### PROVIDED MATERIAL

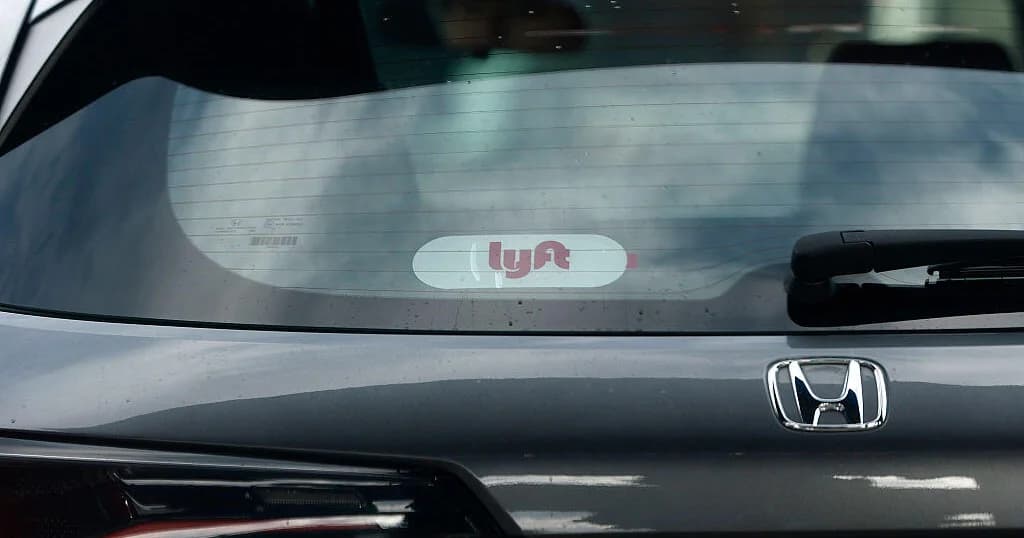 Distintivo de Lyft en el vidrio trasero de un carro
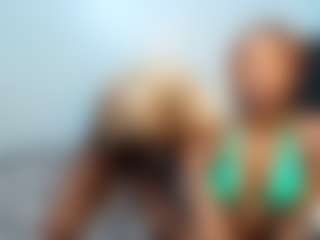 Live cam show with YolandaBlue - Shaved Pussy on Camsoda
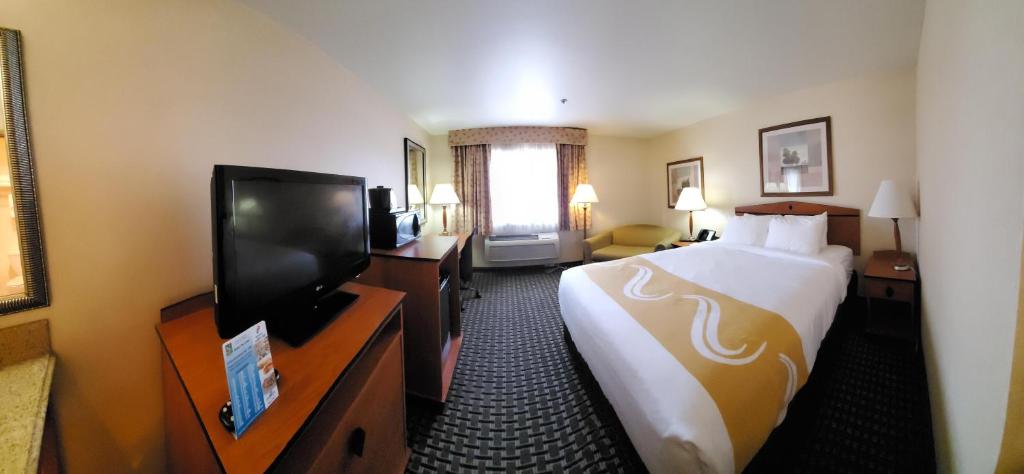 Quality Inn Cheyenne I-25 South photo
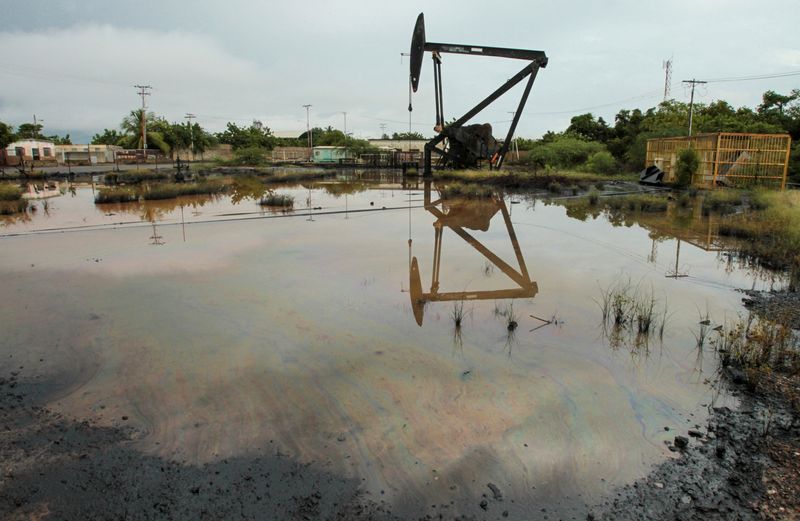 Oil falls after Trump says Venezuela will send oil to United States<br>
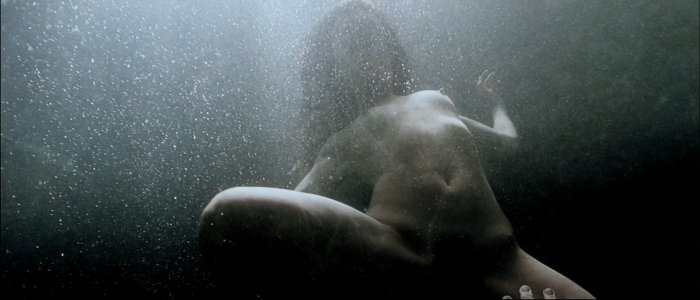 Renegade (2004).mp4_snapshot_01.55.48.814.jpg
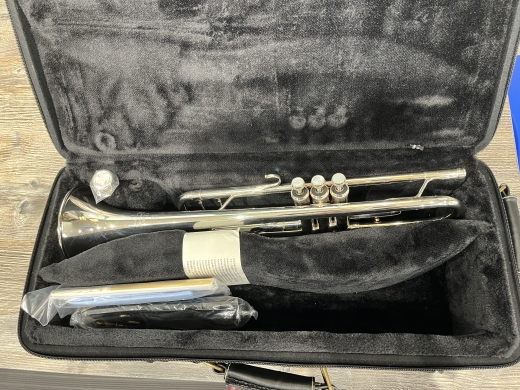 Yamaha YTR9335NYSII Xeno 'New York' Bb Trumpet 7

######

ACTIVITY: Line by line, reproduce the material above exactly, leaving each picture out.

ANSWER BELOW:
 Distintivo de Lyft en el vidrio trasero de un carro
 Live cam show with YolandaBlue - Shaved Pussy on Camsoda
 Quality Inn Cheyenne I-25 South photo
 Oil falls after Trump says Venezuela will send oil to United States<br>
 Renegade (2004).mp4_snapshot_01.55.48.814.jpg
 Yamaha YTR9335NYSII Xeno 'New York' Bb Trumpet 7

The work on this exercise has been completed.